Mladen Turk wrote:



Graham Leggett wrote:


I don't think that it is necessary for a mod_ajp to be

included inside


the mod_proxy, although they are sharing some common concepts.

I think it's very necessary - sharing those common concepts ultimately makes for doing things in a consistent way. It makes a big difference to the usability of httpd.




I'm sure that the 'normalization' would lead to nowhere.


Right now proxy is able to talk HTTP and FTP (and CONNECT, but it's a special case). It makes the most sense for AJP to be added to these three protocols, as there is already an established way to do this.

Consistency is very important.


Having load
balancer on top of mod_proxy would be a nice feature, but the main purpose for them is different.

Different to what?
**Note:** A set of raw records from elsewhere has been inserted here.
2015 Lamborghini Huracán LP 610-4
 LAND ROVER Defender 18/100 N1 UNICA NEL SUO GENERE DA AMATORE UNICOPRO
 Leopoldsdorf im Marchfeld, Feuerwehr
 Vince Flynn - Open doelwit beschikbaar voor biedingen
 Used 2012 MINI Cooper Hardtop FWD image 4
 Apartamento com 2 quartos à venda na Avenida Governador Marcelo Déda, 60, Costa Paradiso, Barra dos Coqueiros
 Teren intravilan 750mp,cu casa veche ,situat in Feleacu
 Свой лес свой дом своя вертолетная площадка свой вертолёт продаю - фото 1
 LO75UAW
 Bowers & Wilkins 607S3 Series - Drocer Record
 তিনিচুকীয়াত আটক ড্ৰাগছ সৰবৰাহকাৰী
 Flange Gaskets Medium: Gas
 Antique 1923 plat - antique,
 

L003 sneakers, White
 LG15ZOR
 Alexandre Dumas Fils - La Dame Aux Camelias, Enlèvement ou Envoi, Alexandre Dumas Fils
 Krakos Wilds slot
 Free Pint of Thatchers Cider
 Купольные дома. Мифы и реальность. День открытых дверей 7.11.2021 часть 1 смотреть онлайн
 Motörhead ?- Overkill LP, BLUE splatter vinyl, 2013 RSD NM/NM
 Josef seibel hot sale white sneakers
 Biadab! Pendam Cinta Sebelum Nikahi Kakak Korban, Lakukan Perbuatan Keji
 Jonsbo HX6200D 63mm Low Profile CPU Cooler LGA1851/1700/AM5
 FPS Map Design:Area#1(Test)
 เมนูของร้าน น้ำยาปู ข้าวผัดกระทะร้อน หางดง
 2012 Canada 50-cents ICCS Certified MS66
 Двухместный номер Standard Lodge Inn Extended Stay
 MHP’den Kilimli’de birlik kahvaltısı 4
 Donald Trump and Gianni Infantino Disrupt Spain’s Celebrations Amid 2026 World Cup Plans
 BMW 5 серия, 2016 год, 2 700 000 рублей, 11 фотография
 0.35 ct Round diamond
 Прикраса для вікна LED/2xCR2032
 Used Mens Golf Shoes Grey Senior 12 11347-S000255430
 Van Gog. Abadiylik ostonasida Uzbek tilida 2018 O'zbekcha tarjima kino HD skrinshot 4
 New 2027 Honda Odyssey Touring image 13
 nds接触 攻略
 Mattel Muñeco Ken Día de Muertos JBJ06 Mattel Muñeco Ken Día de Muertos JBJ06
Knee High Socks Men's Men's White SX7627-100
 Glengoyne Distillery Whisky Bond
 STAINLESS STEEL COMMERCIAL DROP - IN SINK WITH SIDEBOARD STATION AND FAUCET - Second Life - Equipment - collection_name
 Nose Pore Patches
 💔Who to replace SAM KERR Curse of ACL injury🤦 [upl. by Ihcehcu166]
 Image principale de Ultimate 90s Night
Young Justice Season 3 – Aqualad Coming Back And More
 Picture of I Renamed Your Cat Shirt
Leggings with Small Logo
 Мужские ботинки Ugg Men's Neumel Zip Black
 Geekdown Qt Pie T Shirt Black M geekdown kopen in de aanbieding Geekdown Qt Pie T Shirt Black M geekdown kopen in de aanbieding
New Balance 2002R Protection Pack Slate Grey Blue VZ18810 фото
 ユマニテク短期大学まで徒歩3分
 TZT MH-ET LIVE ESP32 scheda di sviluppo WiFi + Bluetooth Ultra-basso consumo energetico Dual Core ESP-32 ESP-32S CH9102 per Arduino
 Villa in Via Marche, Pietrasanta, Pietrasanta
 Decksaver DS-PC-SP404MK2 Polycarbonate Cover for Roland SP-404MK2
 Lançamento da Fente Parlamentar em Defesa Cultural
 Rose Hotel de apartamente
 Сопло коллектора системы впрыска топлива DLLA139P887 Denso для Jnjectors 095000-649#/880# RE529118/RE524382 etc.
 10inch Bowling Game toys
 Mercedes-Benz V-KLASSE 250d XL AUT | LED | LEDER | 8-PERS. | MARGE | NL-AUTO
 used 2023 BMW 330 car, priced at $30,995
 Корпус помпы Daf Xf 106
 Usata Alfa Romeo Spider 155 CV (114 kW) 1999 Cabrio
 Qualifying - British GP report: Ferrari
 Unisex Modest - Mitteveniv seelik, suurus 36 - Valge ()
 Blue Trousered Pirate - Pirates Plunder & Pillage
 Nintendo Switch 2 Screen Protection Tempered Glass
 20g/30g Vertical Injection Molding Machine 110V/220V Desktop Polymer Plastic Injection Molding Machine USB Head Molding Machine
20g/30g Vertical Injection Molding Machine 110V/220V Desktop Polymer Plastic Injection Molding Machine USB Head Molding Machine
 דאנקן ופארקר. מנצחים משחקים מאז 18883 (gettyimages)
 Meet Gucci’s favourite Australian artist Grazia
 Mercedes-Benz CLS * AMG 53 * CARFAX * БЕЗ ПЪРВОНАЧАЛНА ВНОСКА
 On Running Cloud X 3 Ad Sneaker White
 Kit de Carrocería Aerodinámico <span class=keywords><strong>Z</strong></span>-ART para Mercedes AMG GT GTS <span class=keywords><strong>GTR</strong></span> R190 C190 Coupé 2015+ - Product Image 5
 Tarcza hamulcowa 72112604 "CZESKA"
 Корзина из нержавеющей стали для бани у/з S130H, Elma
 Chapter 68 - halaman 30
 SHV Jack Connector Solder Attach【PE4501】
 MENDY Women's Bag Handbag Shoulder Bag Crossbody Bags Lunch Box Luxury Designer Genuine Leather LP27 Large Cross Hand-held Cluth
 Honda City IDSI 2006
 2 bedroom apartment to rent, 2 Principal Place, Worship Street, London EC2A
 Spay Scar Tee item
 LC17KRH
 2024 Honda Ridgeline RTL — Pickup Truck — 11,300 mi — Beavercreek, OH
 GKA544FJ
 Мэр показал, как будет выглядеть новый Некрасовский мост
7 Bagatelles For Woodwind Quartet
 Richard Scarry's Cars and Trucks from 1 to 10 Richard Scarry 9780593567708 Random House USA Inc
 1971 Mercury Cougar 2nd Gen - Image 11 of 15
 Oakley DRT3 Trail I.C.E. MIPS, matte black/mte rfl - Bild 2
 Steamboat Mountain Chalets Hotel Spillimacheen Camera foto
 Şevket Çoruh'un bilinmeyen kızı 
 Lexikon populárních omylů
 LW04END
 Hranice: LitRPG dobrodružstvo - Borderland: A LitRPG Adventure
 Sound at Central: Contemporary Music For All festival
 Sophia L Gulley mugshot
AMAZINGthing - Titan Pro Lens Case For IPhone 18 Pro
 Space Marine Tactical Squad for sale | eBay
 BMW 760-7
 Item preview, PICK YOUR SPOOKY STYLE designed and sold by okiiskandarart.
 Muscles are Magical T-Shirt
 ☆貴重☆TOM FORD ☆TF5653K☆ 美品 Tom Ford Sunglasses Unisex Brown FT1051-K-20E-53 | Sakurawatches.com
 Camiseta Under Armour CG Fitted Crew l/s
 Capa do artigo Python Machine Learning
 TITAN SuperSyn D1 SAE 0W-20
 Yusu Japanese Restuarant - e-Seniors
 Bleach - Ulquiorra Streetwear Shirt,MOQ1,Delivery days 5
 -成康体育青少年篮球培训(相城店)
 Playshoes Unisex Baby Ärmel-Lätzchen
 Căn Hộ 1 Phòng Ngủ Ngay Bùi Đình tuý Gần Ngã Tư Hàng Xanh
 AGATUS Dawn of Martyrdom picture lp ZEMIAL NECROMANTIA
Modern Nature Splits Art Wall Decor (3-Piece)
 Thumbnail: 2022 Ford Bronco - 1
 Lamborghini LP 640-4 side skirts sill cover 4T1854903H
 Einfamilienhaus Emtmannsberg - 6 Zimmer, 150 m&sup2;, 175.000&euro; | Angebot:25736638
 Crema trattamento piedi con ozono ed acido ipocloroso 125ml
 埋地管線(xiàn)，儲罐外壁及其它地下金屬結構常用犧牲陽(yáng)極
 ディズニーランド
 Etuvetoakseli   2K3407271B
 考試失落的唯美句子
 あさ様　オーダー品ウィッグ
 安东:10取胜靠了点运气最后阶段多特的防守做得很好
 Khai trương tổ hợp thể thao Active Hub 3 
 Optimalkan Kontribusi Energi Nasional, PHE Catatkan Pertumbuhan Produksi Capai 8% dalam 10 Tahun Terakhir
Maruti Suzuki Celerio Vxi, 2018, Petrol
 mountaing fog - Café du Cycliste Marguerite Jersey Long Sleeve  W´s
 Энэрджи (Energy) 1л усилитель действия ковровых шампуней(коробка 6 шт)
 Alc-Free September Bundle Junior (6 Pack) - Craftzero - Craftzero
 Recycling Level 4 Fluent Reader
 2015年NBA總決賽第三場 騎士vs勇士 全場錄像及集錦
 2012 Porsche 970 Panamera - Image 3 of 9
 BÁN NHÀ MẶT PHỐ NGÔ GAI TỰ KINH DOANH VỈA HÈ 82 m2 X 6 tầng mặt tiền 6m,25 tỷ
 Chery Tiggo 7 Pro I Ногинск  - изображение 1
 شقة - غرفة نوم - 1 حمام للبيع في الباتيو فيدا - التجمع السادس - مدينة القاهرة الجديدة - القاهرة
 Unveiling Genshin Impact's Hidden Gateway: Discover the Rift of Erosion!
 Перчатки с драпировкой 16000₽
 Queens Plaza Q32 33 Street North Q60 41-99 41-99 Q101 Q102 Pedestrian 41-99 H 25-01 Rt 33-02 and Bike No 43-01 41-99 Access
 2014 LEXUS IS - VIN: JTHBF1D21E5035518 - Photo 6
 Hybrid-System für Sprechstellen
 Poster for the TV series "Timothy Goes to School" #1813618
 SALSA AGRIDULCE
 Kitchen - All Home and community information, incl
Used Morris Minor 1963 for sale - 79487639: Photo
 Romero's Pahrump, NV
Load balancing is load balancing, whether the backend protocol is HTTP, AJP or FTP.




HTTP is a statles protocol, and our concept is to have a constant connection
pool to the well known application server.
So, unlike HTTP protocol we are embedding the remote application server, and
it just happens that we are doing it using the same TCP/IP protocol for
that.


I see no point on making significant effort in a feature that can only be used for one protocol, that's a huge waste of an opportunity to solve the load balancing problems of backends other than tomcat.



Quite contraty, this is the main reason. We already have jk2 that can be
used even for proxying HTTP requests. Are you wiling to write the http
protocol for mod_jk2?


The purpose of mod_ajp is to communicate with the (one or

more of them


in a
cluster) application servers using ajp13+ protocol; simple as that.


Proxy allows you to communicate with (one or more in a cluster) applications servers using HTTP or FTP. The only difference is the protocol.



Again, application server != http server.


The development of proxy_ajp could see the development of modules like proxy_loadbalance or proxy_sticky, which have general application outside of the AJP protocol.



Agreed, pehaps some day they will convolve to the single module, but right
now I don't see the point for it, especialy when the mod_proxy is well
established module.


Just rewriting mod_ajp for v2.0 isn't anything different to what exists now, so I don't see the point.



Well, that's how you see it.
IMO trying again to squize the apache2->Tomcat module inside some already
present solution would again lead to nowhere, and finally rise the questions
like we are rising today.

Not sure since mod_proxy will associate to a ajp://VIRTUALNAME, and in such case it's up to proxy_ajp to decide to :

- keep the socket open
- handle a pool of socket
- fall back to another AJP instance in the cluster.